:: PROVIDED MATERIAL ::
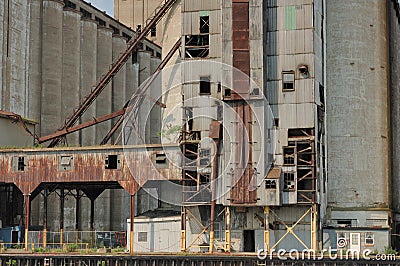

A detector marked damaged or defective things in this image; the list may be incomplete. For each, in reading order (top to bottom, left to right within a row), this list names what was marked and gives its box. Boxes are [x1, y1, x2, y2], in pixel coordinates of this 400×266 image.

rusted metal panel [0, 145, 180, 195]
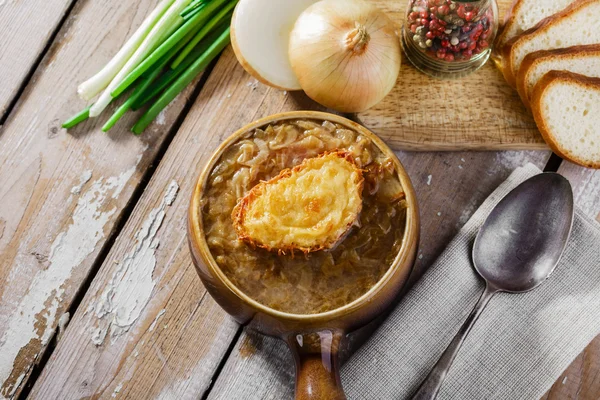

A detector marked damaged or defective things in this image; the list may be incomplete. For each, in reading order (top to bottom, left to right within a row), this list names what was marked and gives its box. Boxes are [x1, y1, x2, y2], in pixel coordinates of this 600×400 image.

peeling white paint [0, 164, 137, 398]
peeling white paint [71, 170, 93, 195]
peeling white paint [90, 181, 177, 344]
peeling white paint [149, 308, 166, 332]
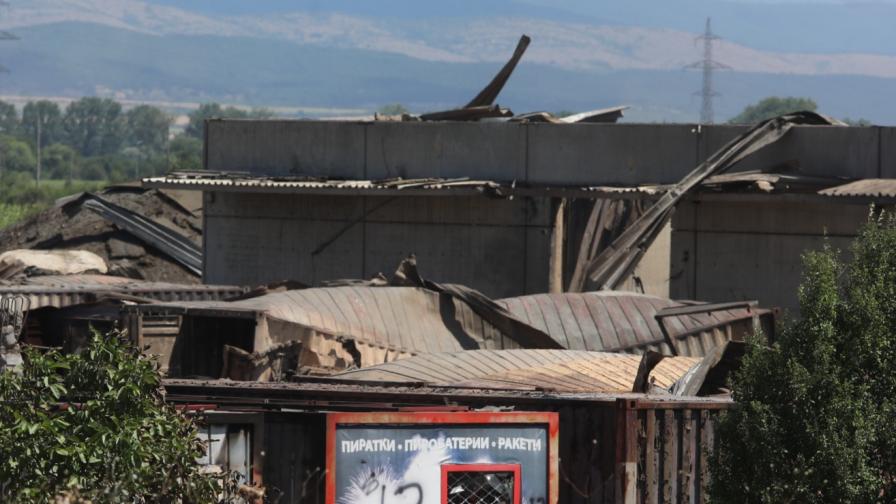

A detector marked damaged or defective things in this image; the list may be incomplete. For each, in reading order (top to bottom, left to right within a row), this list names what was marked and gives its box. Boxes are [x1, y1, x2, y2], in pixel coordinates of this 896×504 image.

rusted metal roof sheet [820, 179, 896, 199]
rusted metal roof sheet [0, 274, 245, 310]
rusted metal roof sheet [496, 290, 764, 356]
rusted metal roof sheet [330, 350, 700, 394]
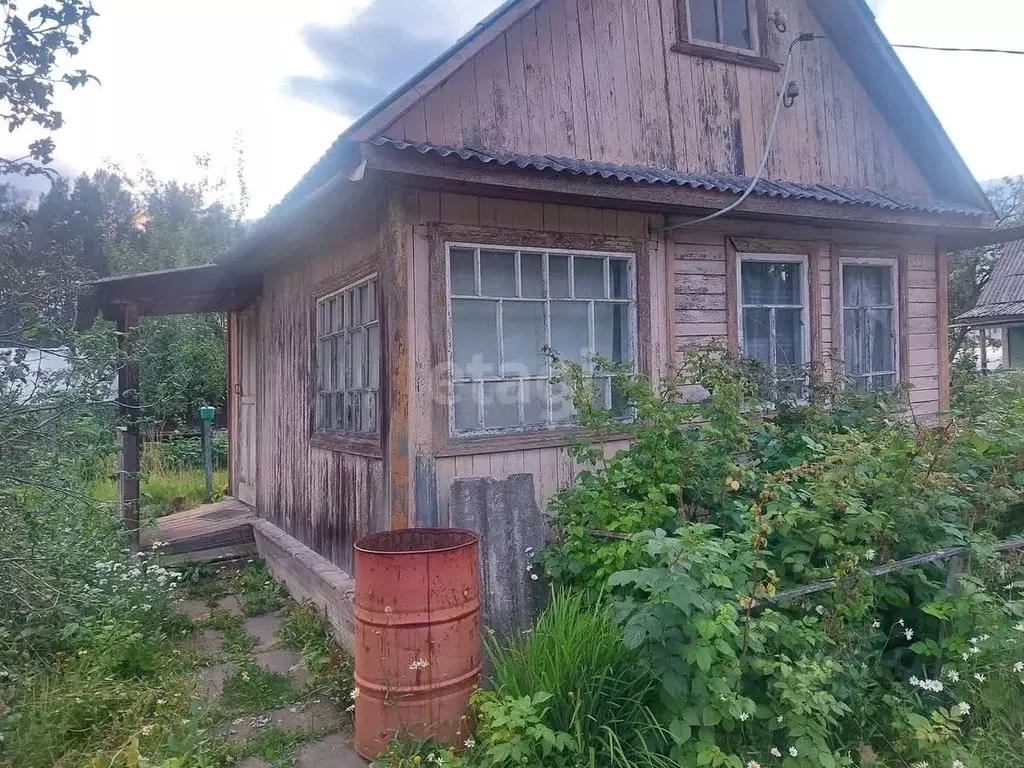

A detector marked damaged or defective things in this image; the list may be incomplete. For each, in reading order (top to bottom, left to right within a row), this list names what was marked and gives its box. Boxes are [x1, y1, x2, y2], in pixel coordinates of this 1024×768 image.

rusty metal barrel [354, 528, 482, 756]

:: INSTRUCTIONS TO FOLLOW ::
In the copy, include exactly the lines from the one with "this 600×400 image." through the final line of the entries above, both ends counted, and no pictures.

:: OUTPUT BELOW ::
A detector marked damaged or defective things in this image; the list may be incomplete. For each, in reading order (top to bottom, left to right within a row), this list names what was marked and gives its box. Boxes are [x1, y1, x2, y2], in pixel coordinates of this 600×400 image.

peeling white paint [0, 164, 137, 398]
peeling white paint [71, 170, 93, 195]
peeling white paint [90, 181, 177, 344]
peeling white paint [149, 308, 166, 332]

A detector marked damaged or defective things in this image; the list may be incomplete. For each, in reading order (top to bottom, left to right within a row), this list names what was marked and gives its box. Boxes are [x1, y1, x2, y2], in pixel coordinates of this 896×504 image.

rusted metal roof sheet [820, 179, 896, 199]
rusted metal roof sheet [0, 274, 245, 310]
rusted metal roof sheet [496, 290, 764, 356]
rusted metal roof sheet [330, 350, 700, 394]

A detector marked damaged or defective things in this image; the list may be incomplete. For each, in reading order (top to bottom, left to right within a row), this list names what was marked and gives its box. Boxes are [x1, y1, x2, y2], in pixel coordinates of this 1024×768 image.

rusty metal barrel [354, 528, 482, 756]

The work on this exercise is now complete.